Data below ▸

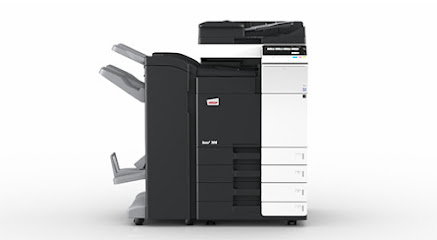 profile picture of Office Print Direct profile picture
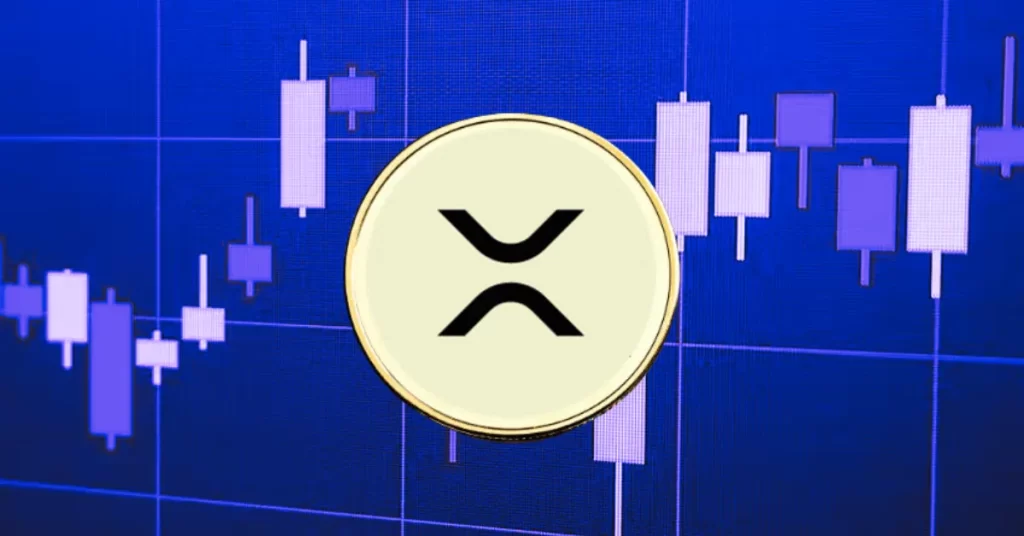 Is XRP Set to Skyrocket? Whales Signal Bullish Intent, Liquidating $453K in Shorts!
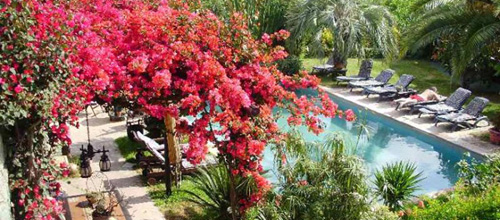 Residence Il Pozzo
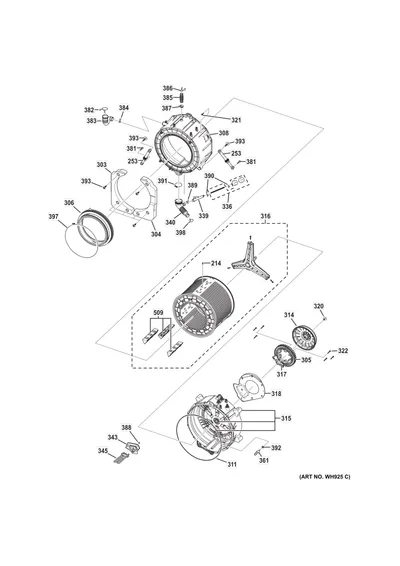 Diagram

Your task ▸ A faithful copy of the data above is wanted, with every image left out.

Written reply ▸
 profile picture of Office Print Direct profile picture
 Is XRP Set to Skyrocket? Whales Signal Bullish Intent, Liquidating $453K in Shorts!
 Residence Il Pozzo
 Diagram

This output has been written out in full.